L’attività investigativa ha accertato l’attribuzione fittizia a un indagato, incensurato, di una impresa edile, in realtà gestita dal pregiudicato mafioso insieme al fratello del primo, i quali, prodigandosi per ottenere l’assegnazione di appalti da parte del Comune di Mazzarrà Sant’Andrea, avrebbero lucrato sull’affidamento dei lavori pubblici. L’esponente della criminalità organizzata mafiosa e l’altro co-indagato 36enne avrebbero di fatto gestito l’impresa fittiziamente intestata al fratello di quest’ultimo (proprio perché incensurato), attraverso una serie di comportamenti indicativi della intestazione fittizia, quali direttive imposte ai dipendenti; interessandosi delle pratiche amministrative funzionali all’esercizio dell’attività; curando la gestione dei mezzi d’opera; occupandosi delle trattative per gli acquisti dei beni strumentali all’esercizio dell’attività di impresa; procedendo alla ripartizione dei profitti, parte dei quali sarebbero giunti all’esponente mafioso anche grazie a operazioni bancarie su conti correnti esteri, in modo da rendere più difficoltosa la tracciabilità dei passaggi del denaro. La ricostruzione delle opache operazioni bancarie è stata resa possibile, grazie agli strumenti della cooperazione giudiziaria diretta con altri Stati dell’Unione Europea.
In particolare, l’ex collaboratore di giustizia, servendosi della propria riconosciuta caratura criminale, avrebbe: sostenuto l’impresa, accelerando la definizione di pratiche amministrative pendenti presso gli uffici tecnici del Comune di Mazzarà Sant’Andrea; perfezionato l’acquisto di mezzi meccanici riducendo le pretese economiche di altri imprenditori; indotto proprietari terrieri ad acconsentire a soluzioni individuate per la cessione di fondi in favore dell’azienda; consentito il parcheggio di mezzi dell’azienda, su suoli di sua proprietà.

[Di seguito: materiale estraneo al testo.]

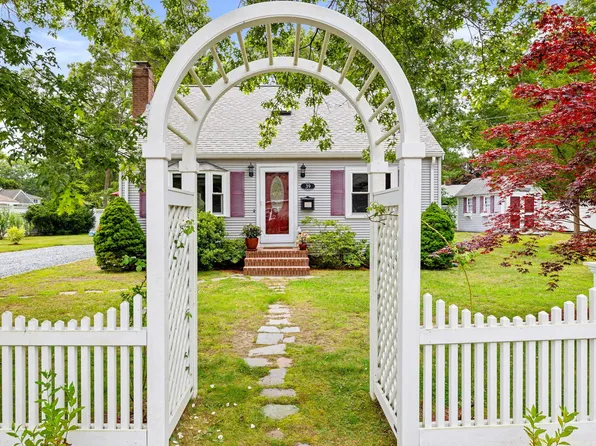 39 English Street, East Falmouth, MA 02536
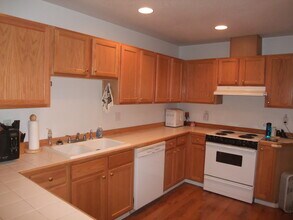 2630 NW Orchard Heights Ave in Albany, OR - Building Photo - Building Photo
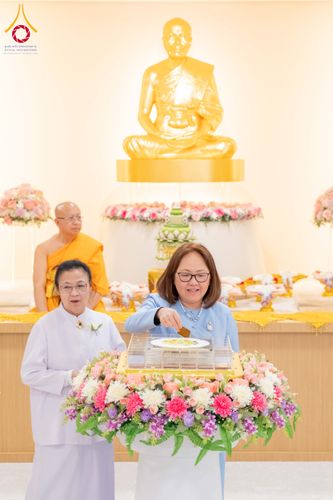 ภาพ No.319177:วันที่ 29 มีนาคม พ.ศ.2569 พิธีอัญเชิญรูปหล่อพระมงคลเทพมุนี (สด จนฺทสโร) ประดิษฐาน ณ ห้องปฏิบัติธรรม “มงคลรัตนโชติ”  วัดพระธรรมกายชิคาโก ประเทศสหรัฐอเมริกา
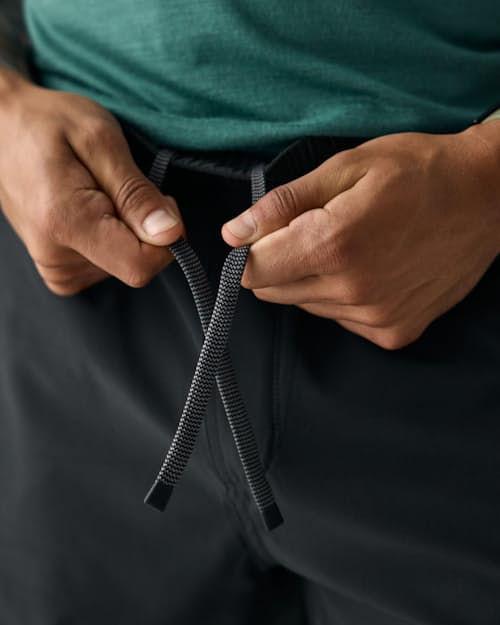 on model image of Rhythm Short - 7"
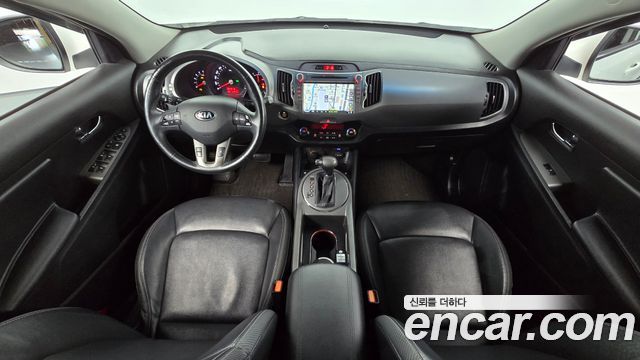 Kia Sportage — interior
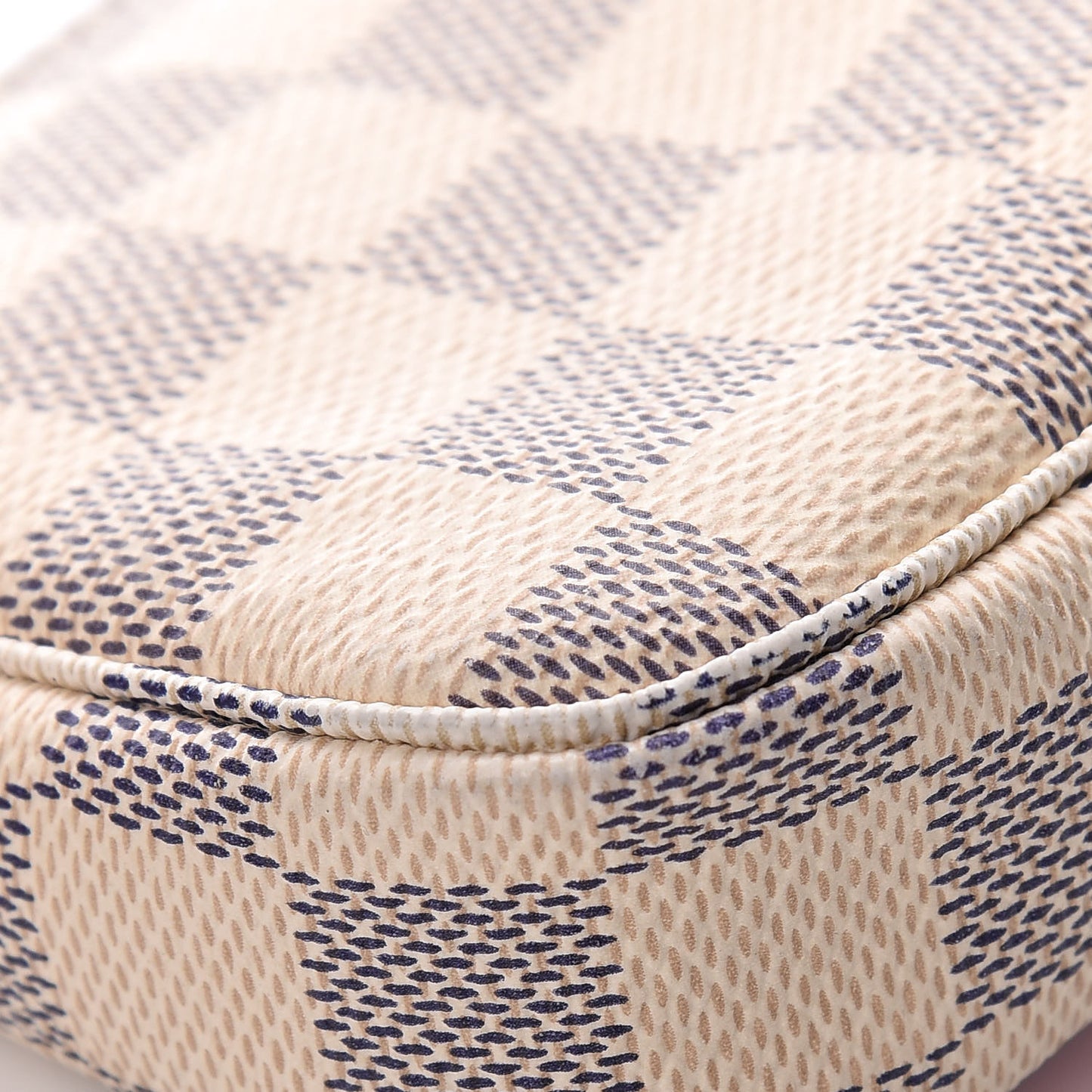 Damier Azur 2015 Christmas Animation Mini Pochette Accessories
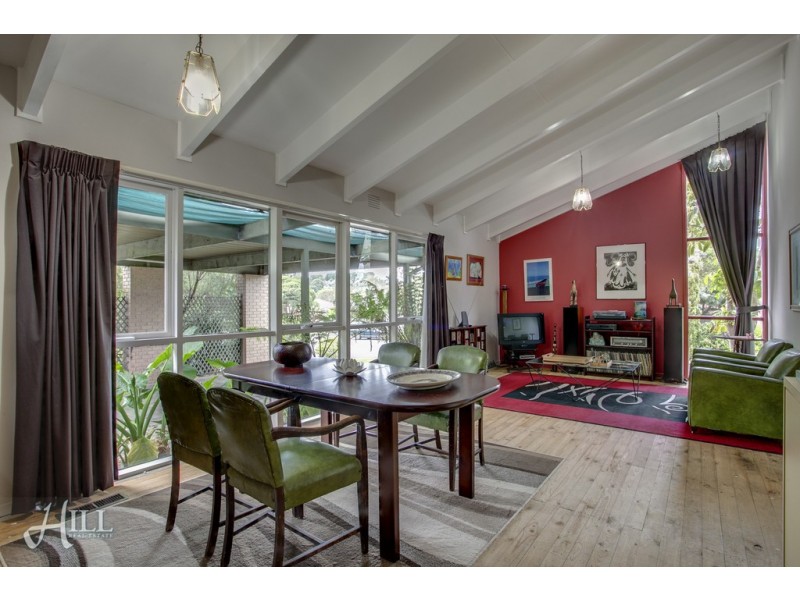 1 Chequers Close, Wantirna VIC 3152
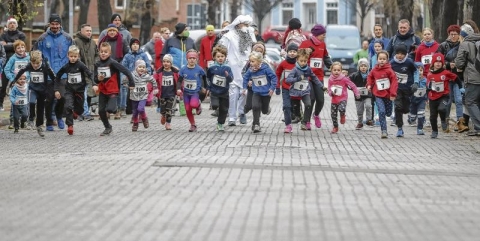 An den fünf Rennen der diesjährigen Laufcup-Serie beteiligten sich insgesamt 300 Hobby-Athleten. Den Jahreshöchstwert stellte am Samstag der Weihnachtslauf mit 85 Startern auf Fotos: Dennis Bacher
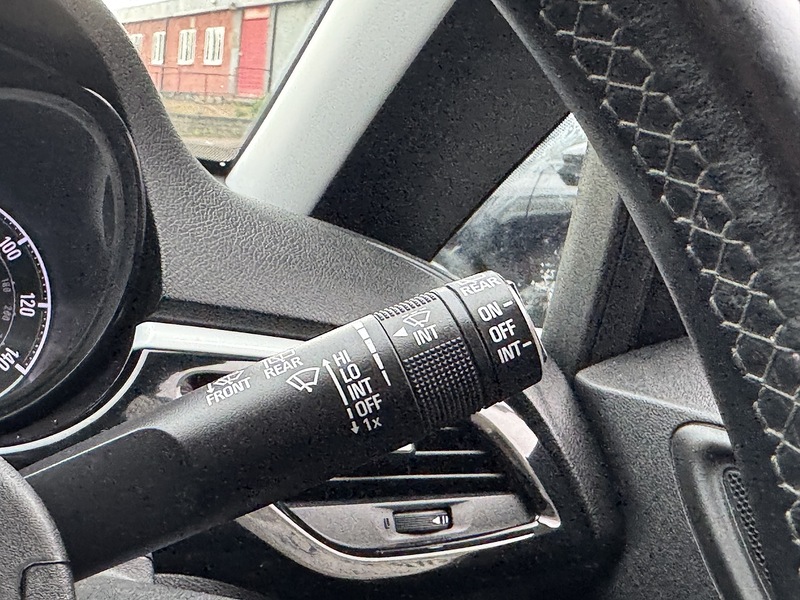 Vauxhall 1.2i Limited Edition Hatchback 3dr Petrol Manual Euro 6 (70 ps)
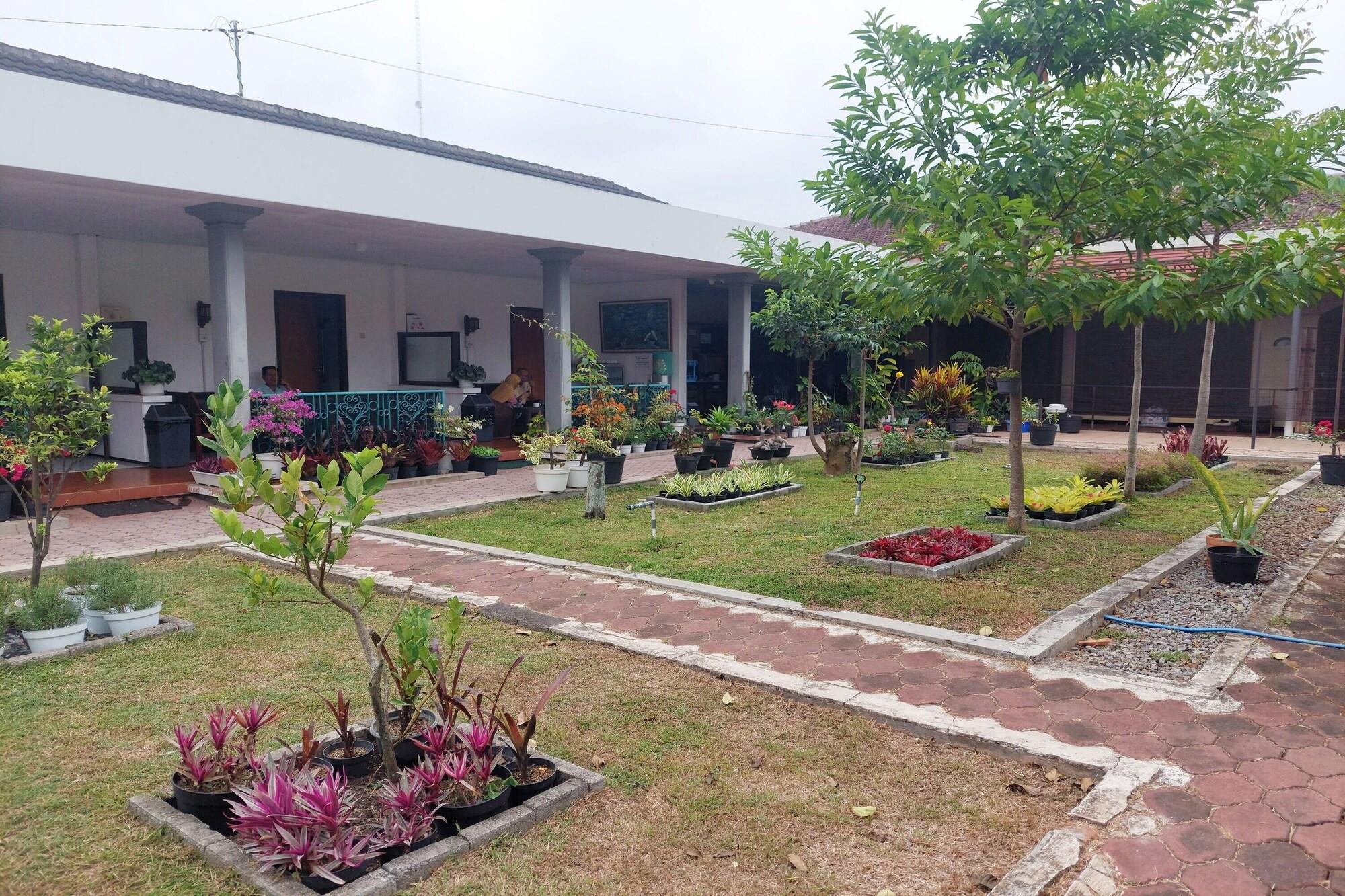 Vista Lobby Vanda Villa Batu
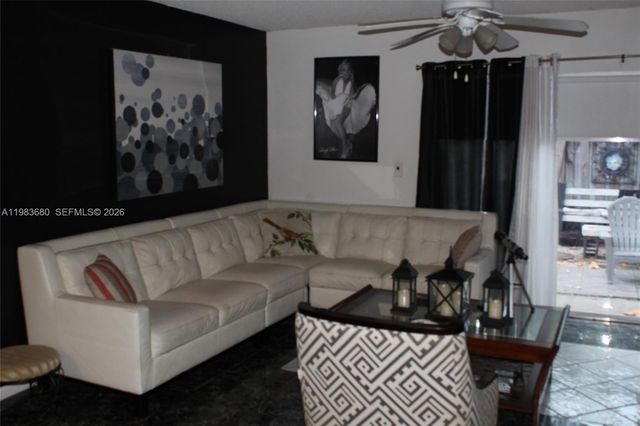 9818 SW 222nd Ter, Cutler Bay, FL 33190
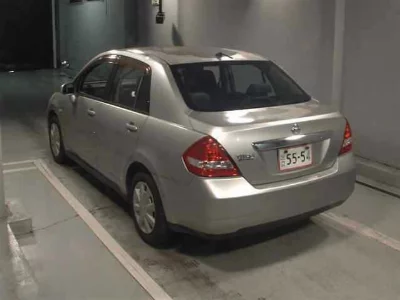 Nissan Tiida Latio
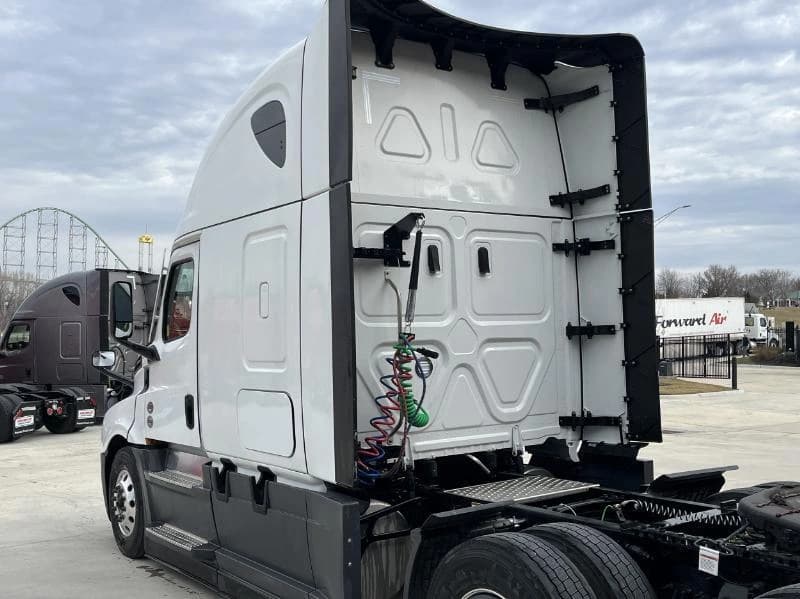 2026 Freightliner Cascadia — photo 5
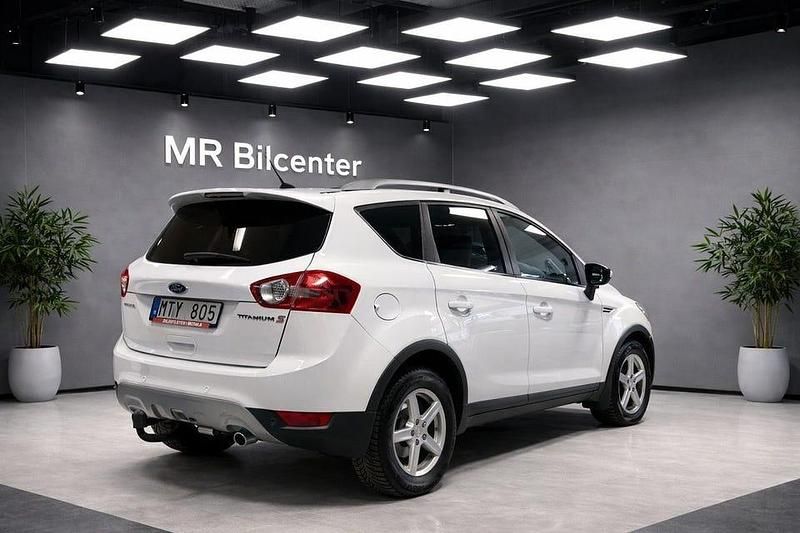 Begagnad Ford Kuga Titanium 163 HK (119 kW) 2012 Vit SUV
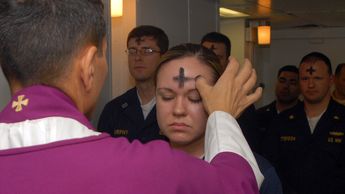 Con la imposición de ceniza inicia el periodo de preparación rumbo a la Semana Santa en Guadalajara | Foto: Especial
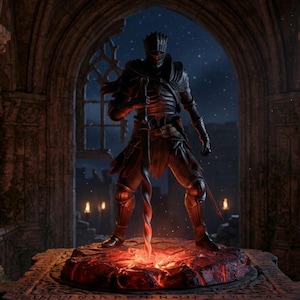 Puede incluir: Estatua detallada de un caballero con armadura oscura, sosteniendo una espada con una hoja retorcida. El caballero se encuentra sobre una base de piedra roja y ardiente, con un fondo de cielo nocturno. La estatua está dentro de una estructura de piedra arqueada.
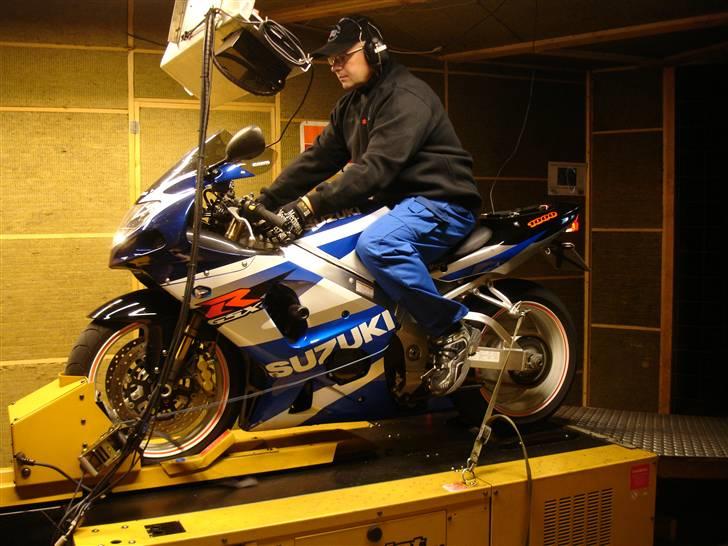 Suzuki GSXR 1000 K2 - Mr. Dyno AKA Ove Bang kører cyklen ind billede 16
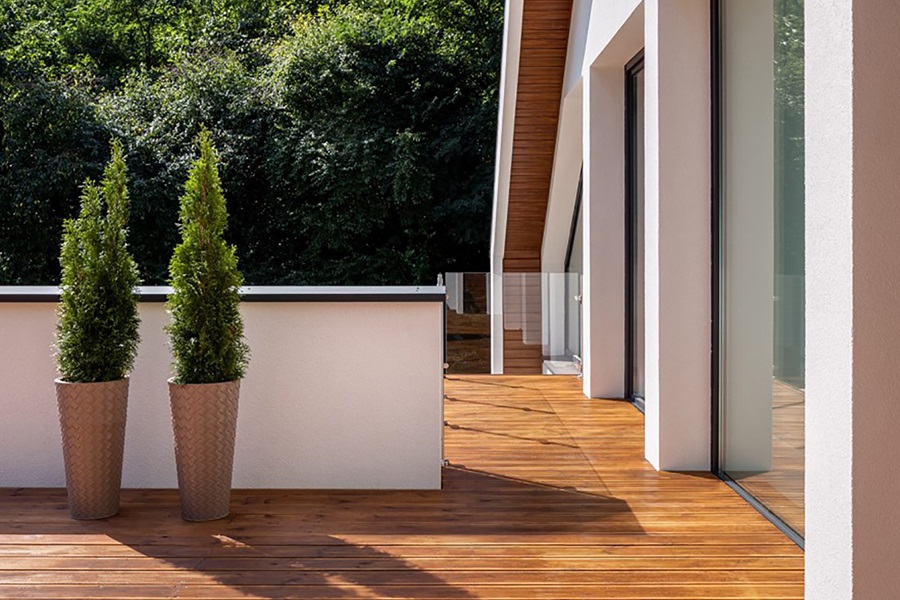 Decovery® in an exterior wood stain application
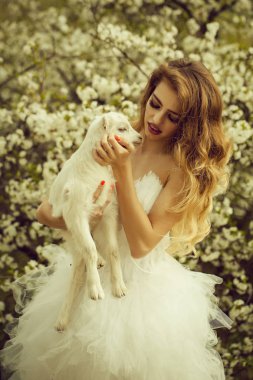 Küçük keçi ile şehvetli kadın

È stato anche individuato il modo con cui una seconda ditta, sottoposta a interdittiva antimafia dal 2020 e di cui è titolare l’indagato 36enne, riceveva risorse pubbliche – alle quali non avrebbe potuto accedere – attraverso trasferimenti di denaro provenienti dalle attività dell’impresa fittiziamente intestata.
Infine, è stata documentata la condotta dell’indagato 59enne, che avrebbe operato per individuare e recuperare, con pressioni e intimidazioni, mezzi meccanici, già di proprietà di un’impresa confiscata a lui riferibile, in passato ceduti ad altri imprenditori. Contestualmente, i Carabinieri hanno eseguito il decreto di sequestro preventivo – emesso dal gip su richiesta della Dda – del capitale sociale e del compendio aziendale di due società edili (con sede a Mazzarrà Sant’Andrea) i cui titolari si identificano in due indagati; e di un impianto di frantumazione di inerti, di due terreni e otto mezzi d’opera nella disponibilità delle due imprese, per un valore complessivo di oltre 500mila euro.